= DATA UNDER STUDY =
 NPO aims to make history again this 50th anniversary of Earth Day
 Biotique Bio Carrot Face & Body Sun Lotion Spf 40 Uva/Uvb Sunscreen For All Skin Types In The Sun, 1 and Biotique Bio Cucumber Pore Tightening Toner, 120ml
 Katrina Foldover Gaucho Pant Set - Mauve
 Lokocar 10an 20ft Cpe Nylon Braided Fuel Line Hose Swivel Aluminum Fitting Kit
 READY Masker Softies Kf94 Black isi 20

==

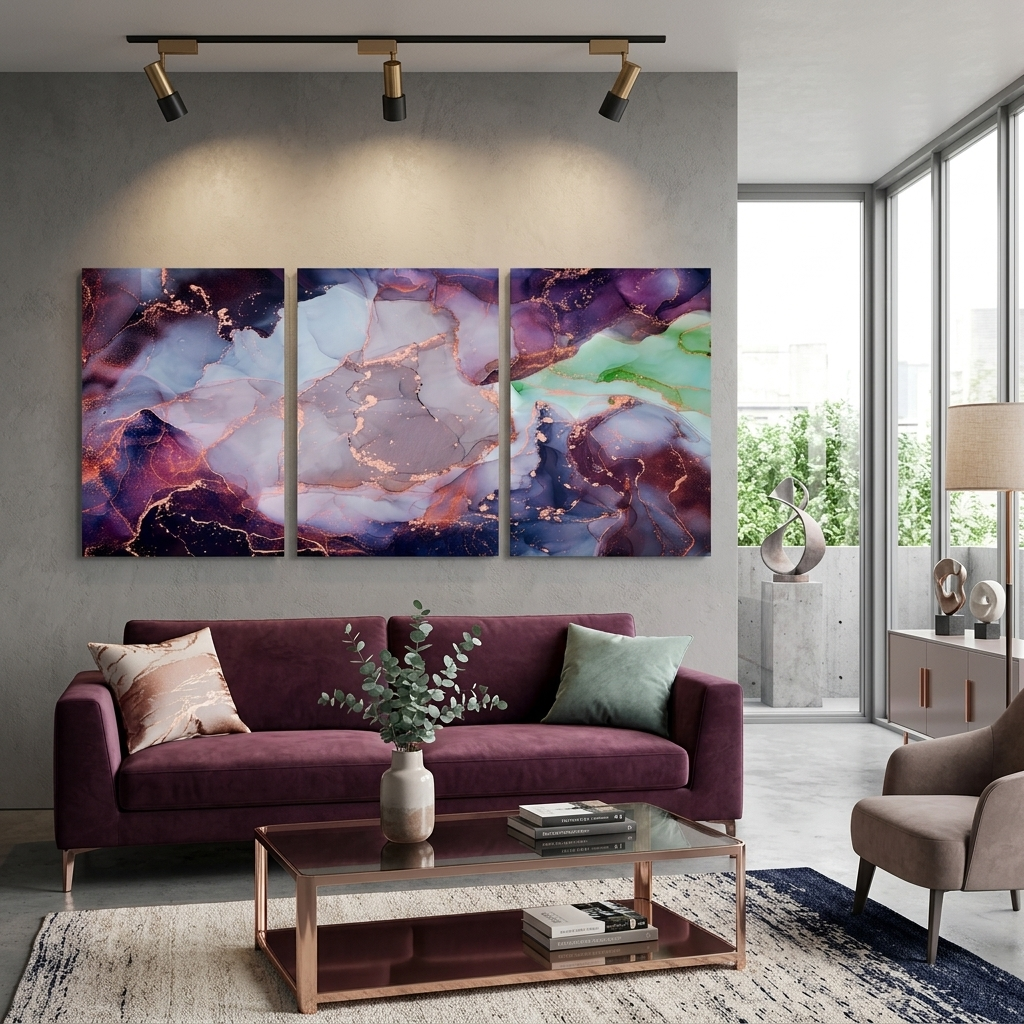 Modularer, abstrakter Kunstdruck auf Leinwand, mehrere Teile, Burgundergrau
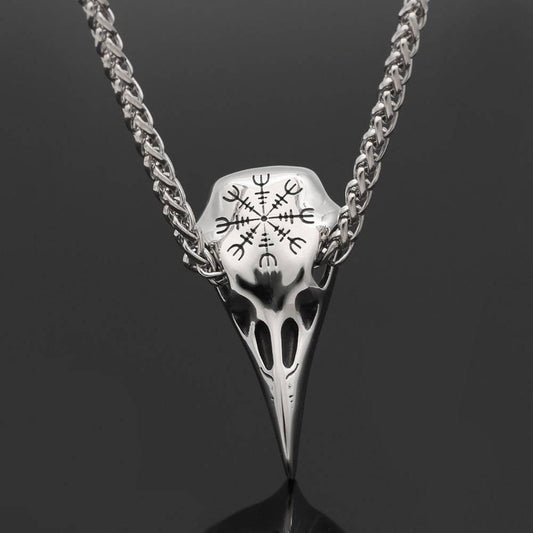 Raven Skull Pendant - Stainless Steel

= DESCRIPTION OF THE TASK =
Of the lines above, retype only those from the line containing "Biotique Bio Carrot" through the line containing "READY Masker Softies Kf94 Black isi 20", including both, exactly.

= RESPONSE TO THIS TASK =
 Biotique Bio Carrot Face & Body Sun Lotion Spf 40 Uva/Uvb Sunscreen For All Skin Types In The Sun, 1 and Biotique Bio Cucumber Pore Tightening Toner, 120ml
 Katrina Foldover Gaucho Pant Set - Mauve
 Lokocar 10an 20ft Cpe Nylon Braided Fuel Line Hose Swivel Aluminum Fitting Kit
 READY Masker Softies Kf94 Black isi 20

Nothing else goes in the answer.